In 2003, K2 sales were $718.5 million, of which $113.9 million were from businesses acquired in that year. On May 19, 2003, K2 sold its light pole division, which contributed sales of $32.7 million in 2002 and $12.6 million in 2003 from Jan. 1 to May 19. Sales in 2002 were $582.2 million, and no material acquisitions were completed in that year. Sales in 2003 excluding sales from acquisitions and the light pole division were $592.1 million, and sales in 2002 excluding the light pole division were $549.4 million, which results in sales growth excluding acquisitions and divestitures in 2003 of 8 percent.
K2’s balance sheet and working capital debt at Dec. 31, 2003, reflects acquisitions and the seasonality associated with the build-up for winter products in the fourth quarter and team sports in the first quarter.

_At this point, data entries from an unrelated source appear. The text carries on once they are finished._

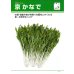 画像2: [シーダー種子]　みずな　京かなで　1粒×5cm間隔 (2)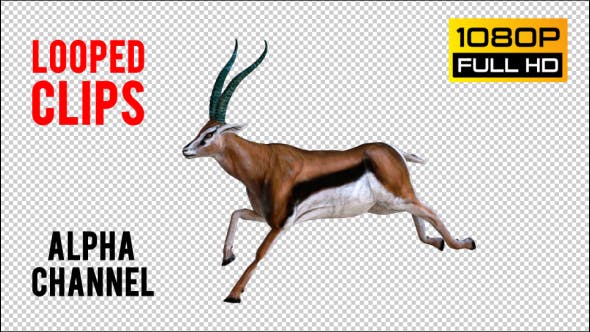 Antilope 4 Realistic Pack 4 - 21203075 Download Videohive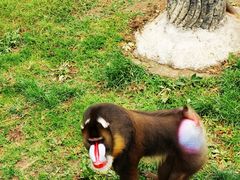 -大连森林动物园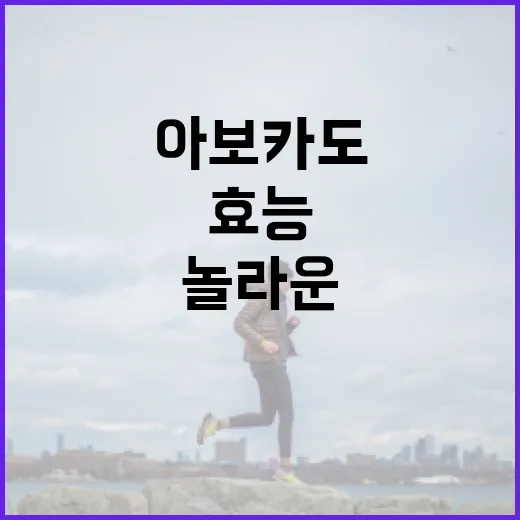 아보카도의 놀라운 효능을 최대한 활용하는 방법 - 요약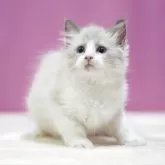 ラグドール【埼玉県・女の子・2025年8月11日・ブルーポイントバイカラー】の写真2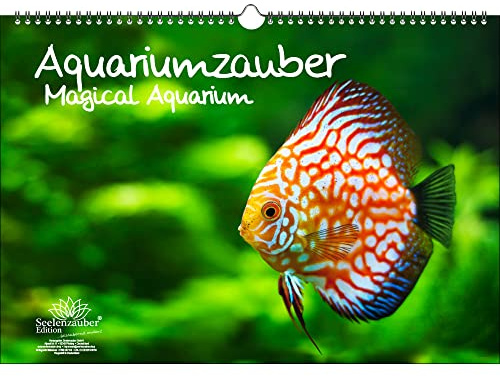Aquariumzauber DIN A3 Immerwährender Kalender Tiere im Aquarium und Unterwasser - Seelenzauber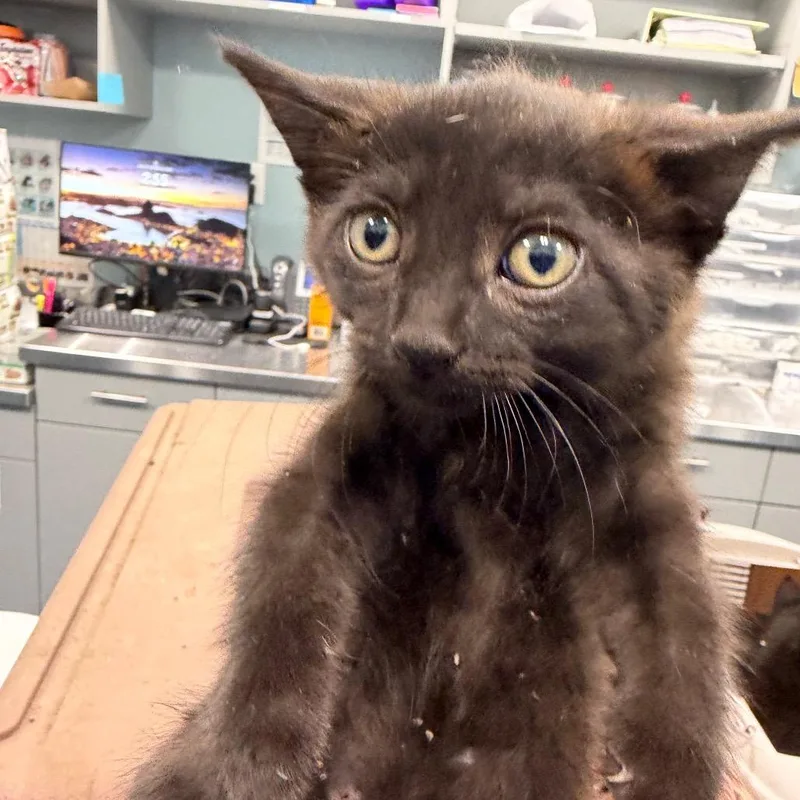 A baby small-sized male Black Domestic Short Hair cat named Rubber Duck for adoption in Greensboro, NC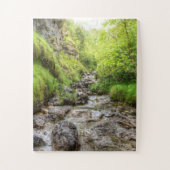 Overgroeid Shallow Creek Waterval Legpuzzel (Verticaal)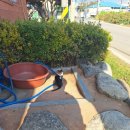 짱짱이네김밥 이미지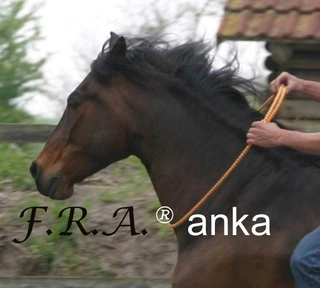 Nákrční řemen F.R.A. Anka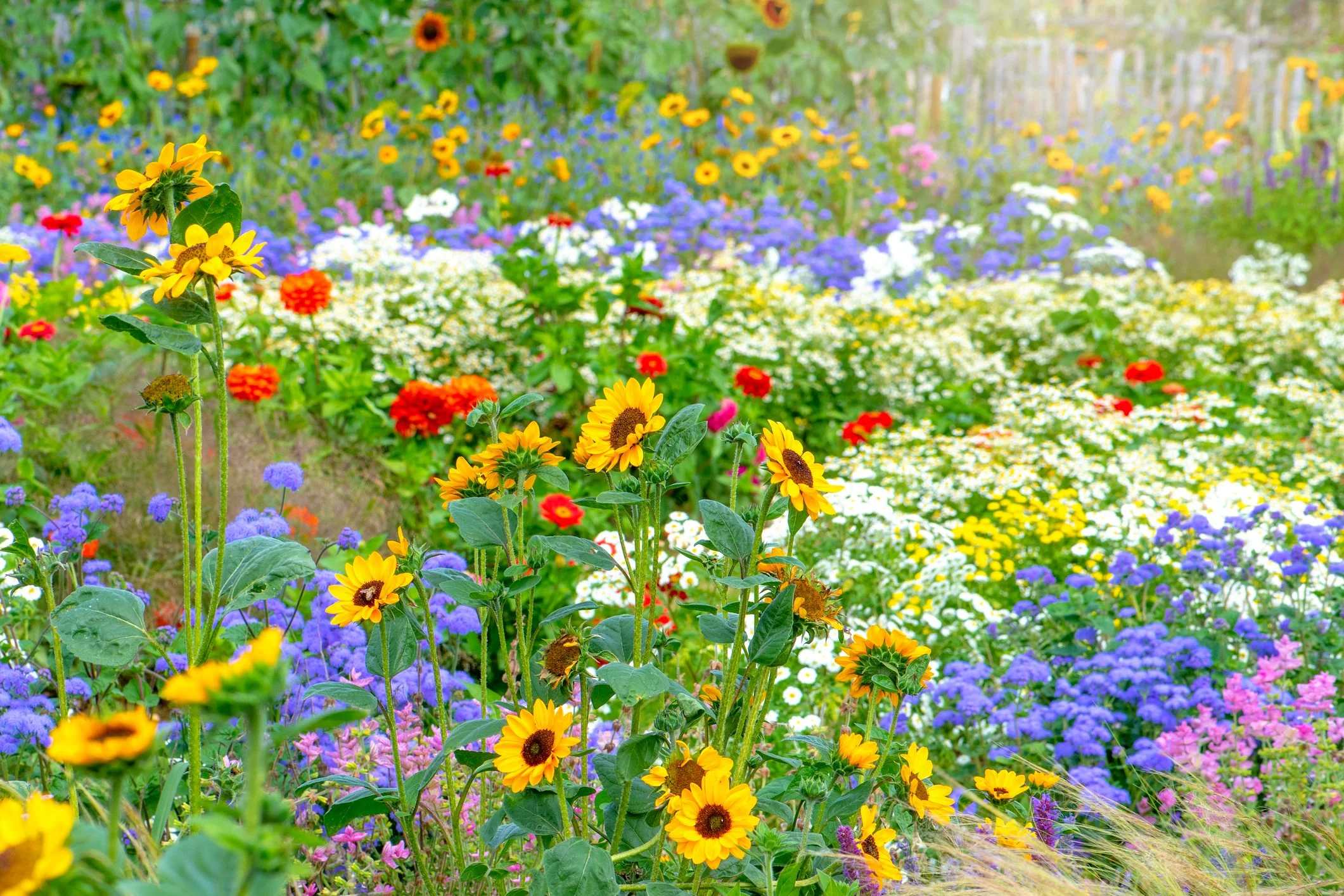 The Language of Flowers: What Your Bouquet is Really Saying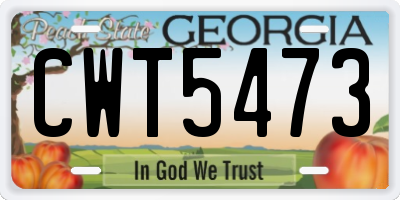 GA license plate CWT5473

At Dec. 31, 2003, cash and receivables totaled $246.6 million as compared to $154.3 million at Dec. 31, 2002. Inventories increased to $239.4 million from $144.2 million in the prior-year period.
Compared with the 2002 fourth quarter, the company’s total debt increased to $216.1 million at Dec. 31, 2003, from $96.1 million in 2002. The increase in debt as of Dec. 31, 2003, is primarily caused by the company’s acquisitions during 2003 and seasonal working capital requirements of these acquired businesses.
As a result of the acquisition of Rawlings in the first quarter, Worth in the third quarter, and Brass Eagle in the fourth quarter, the company increased its number of shares of common stock outstanding by 8.8 million shares, 0.9 million shares, and 4.5 million shares, respectively, to 33.4 million shares outstanding at December 31, 2003, as compared to 17.9 million shares outstanding at December 31, 2002.
Outlook for 2004
The company today also reconfirmed guidance for the first quarter of 2004 and fiscal 2004. For the quarter ended March 31, 2004, the company expects first quarter sales of approximately $250 million and basic earnings per share of $0.30 assuming 34.4 million basis shares outstanding, and diluted earnings per share of $0.25 assuming outstanding shares of 43.9 million as if the convertible debt were converted into shares.
On a full-year basis for fiscal 2004, the company expects sales of $920 to $930 million, and basic earnings per share to be in the range of $0.92 to $0.94 assuming 34.4 million basis shares outstanding, and diluted earnings per share in the range of $0.80 to $0.82 on projected average diluted shares of 43.9 million as if the convertible debt were converted into shares.